Friday night I met a gorgeous, funny and exuberant lady. Her energy was contagious. She reminded of my pre-endo me.

I don’t know if it’s the pain or the medications (probably both) but I feel like I’m not the Alex I used to be. 

I used to run around the school grounds in order to accomplish my weekly tasks – I was a member of many, many groups. I used to be a social butterfly. I used to love going out. I used to love trying new things. I used to love theme parks and walking and meeting new people. I juggled multiple jobs whilst studying full time.
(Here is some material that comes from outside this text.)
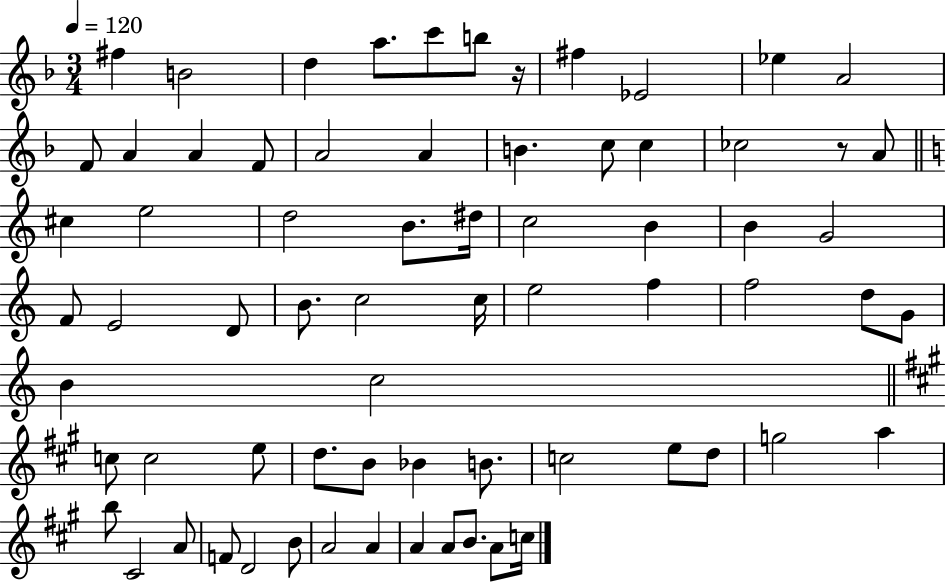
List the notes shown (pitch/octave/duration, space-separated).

F#5/q B4/h D5/q A5/e. C6/e B5/e R/s F#5/q Eb4/h Eb5/q A4/h F4/e A4/q A4/q F4/e A4/h A4/q B4/q. C5/e C5/q CES5/h R/e A4/e C#5/q E5/h D5/h B4/e. D#5/s C5/h B4/q B4/q G4/h F4/e E4/h D4/e B4/e. C5/h C5/s E5/h F5/q F5/h D5/e G4/e B4/q C5/h C5/e C5/h E5/e D5/e. B4/e Bb4/q B4/e. C5/h E5/e D5/e G5/h A5/q B5/e C#4/h A4/e F4/e D4/h B4/e A4/h A4/q A4/q A4/e B4/e. A4/e C5/s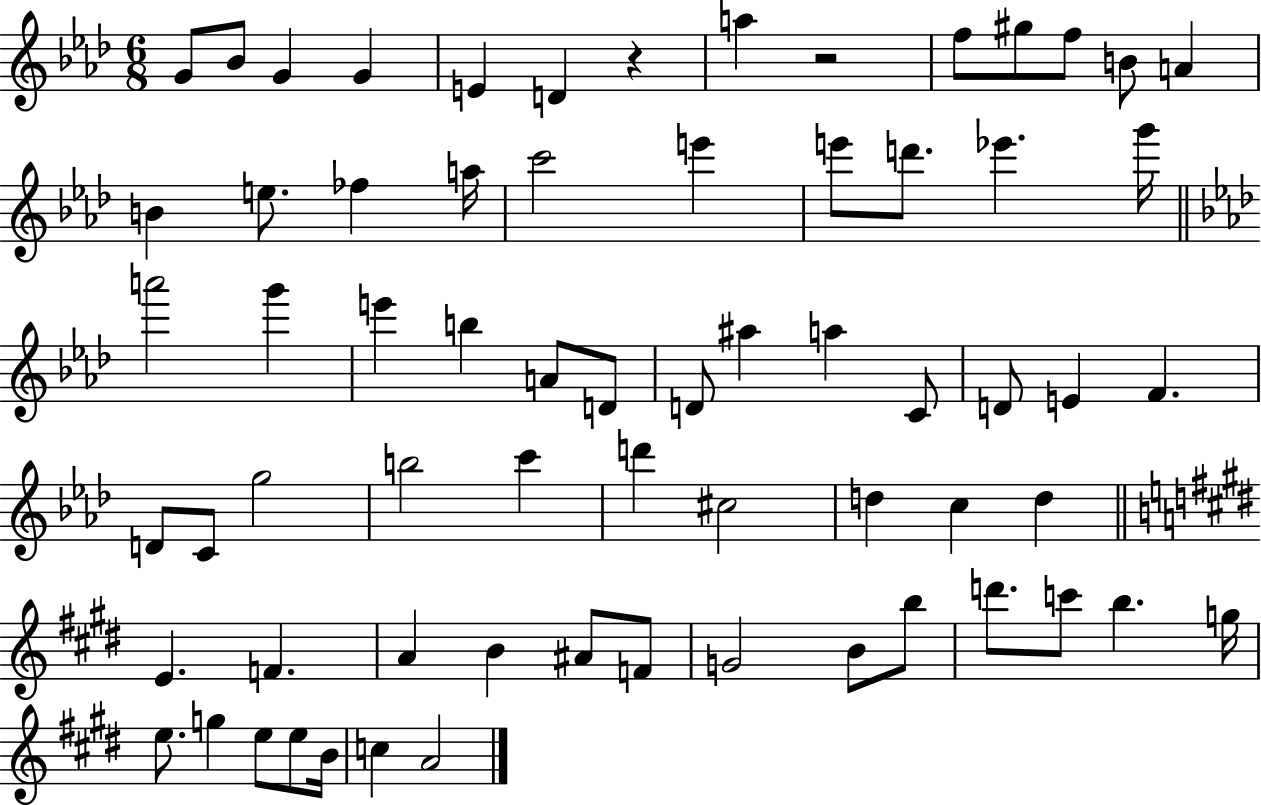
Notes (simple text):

G4/e Bb4/e G4/q G4/q E4/q D4/q R/q A5/q R/h F5/e G#5/e F5/e B4/e A4/q B4/q E5/e. FES5/q A5/s C6/h E6/q E6/e D6/e. Eb6/q. G6/s A6/h G6/q E6/q B5/q A4/e D4/e D4/e A#5/q A5/q C4/e D4/e E4/q F4/q. D4/e C4/e G5/h B5/h C6/q D6/q C#5/h D5/q C5/q D5/q E4/q. F4/q. A4/q B4/q A#4/e F4/e G4/h B4/e B5/e D6/e. C6/e B5/q. G5/s E5/e. G5/q E5/e E5/e B4/s C5/q A4/h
Now, I sit in a chair and hope someone will come and talk to me. I feel like I’ve got nothing exciting to talk about – I usually end up bring the mood down. The thought of walking around a theme park makes my uterus cringe. I desire to go new places and try new things, but the energy it takes makes it almost not worth it. I have left my job and about to study part time.

I don’t laugh as much. My “jokes” don’t make people laugh any more, but make them seriously worried about my mental health, “is she serious?” Well, at least my dark humour is funny to me, right?

I have so many dreams that are left untouched and as I get older and as each treatment fails, they become further out of sight. When I try new things, I am now more likely to fail than succeed.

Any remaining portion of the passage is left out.